In this context, the OKE believes that objective reasons 1 and 2 listed in paragraph 1a of Article 5 (see above) and the basic statement about sectors where objective reasons are deemed to apply provided in paragraph 1b ('sectors of activity where it is justified due to their nature and the nature of employment therein') are sufficient in themselves to set out the real reasons that make the unlimited renewal of fixed-term contracts imperative.
In the OKE’s view, the other objective reasons should not be listed in paragraph 1a of the PD, either because it regards them as superfluous as they are covered in other sections (eg employment of a seasonal nature), or because they are contrary to the letter of the Directive, since they introduce exceptions for the public sector which the Directive itself makes no provision for.
The same reasoning is applied to the cases set out in paragraph 1b regarding the sectors of economic activity whose nature purportedly justifies the unlimited renewal of fixed-term contracts. According to the OKE, these sectors cover a very broad spectrum of services where there are no particular circumstances that would objectively justify their exemption from the protection provided by Article 5 from abuse when fixed-term contracts are entered into. If special needs arise in some cases, these fall under the content of the first sections of paragraph 1a of Article 5, which is in any case indicative in nature. However, whole industries should under no circumstances be characterised as sectors which permanently justify the conclusion of an unlimited number of successive fixed-term contracts. On the contrary, such cases imply fixed, permanent needs and for that reason they require that personnel be hired under contracts of an indefinite duration.

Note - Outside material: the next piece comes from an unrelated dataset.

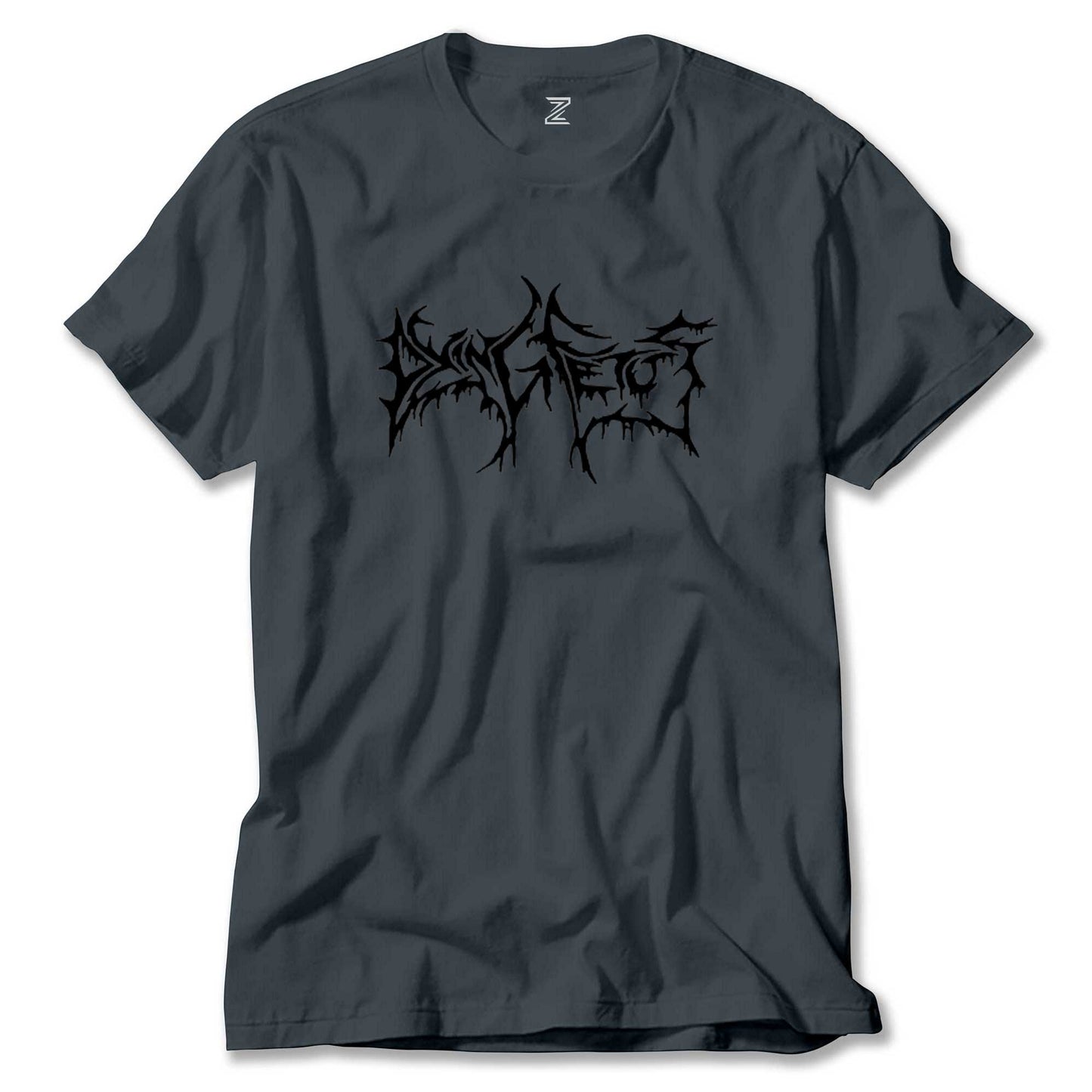 Dying Fetus Text Renkli Tişört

As regards the adoption of the two additional measures to prevent abuse, and in particular the maximum number of renewals and the maximum total duration of successive contracts, as provided for in paragraph 3 of Article 5, the OKE is in agreement, at least in principle. However, it is very opposed to the wording that these provisions apply 'without the existence any of the reasons set out in paragraph 1 of Article 5'. It its view, such a wording makes the purpose of the positive provisions of paragraph 3 self-negating since, as the OKE has argued, these reasons are very broad in scope.
Commentary
The creation of a legislative framework to regulate the terms and conditions of employment of workers under fixed-term contracts, in compliance with EU Directive 1999/70/EC, has long been a basic demand of the trade unions (GR0207101N) and a cause of great social tension. In this context, the passage of PD 81/2003 is of great importance, especially insofar as it fills a significant part of the gaps in Greek legislation on the issue of fixed-term contracts. The great number of exceptions, however, is contrary to the spirit and the letter of the Directive, limiting its scope to a significant degree, and at the same time retaining all prohibitive provisions for the broader public sector. It should be noted that around 65% of workers employed under fixed-term contracts are not covered by the PD, and that legal action is the only form of recourse offered to these workers. Also of importance is the date on which the PD came into force, since failure to make it retroactive is unfair to a great number of workers whose rights were violated before the relevant legislation came onto the books. Furthermore, the unanimous rejection by the social partners of a large part of the content of the new law creates many questions over the implementation of the PD in practice. Since the government did not take the observations of the most representative social bodies into consideration, as expressed in the relevant OKE opinion, serious questions also emerge with regard to the state’s use of the institutions of social dialogue. (Evangelia Soumeli, INE/GSEE)
Eurofound recommends citing this publication in the following way.
Eurofound (2003), EU fixed-term work Directive transposed, article.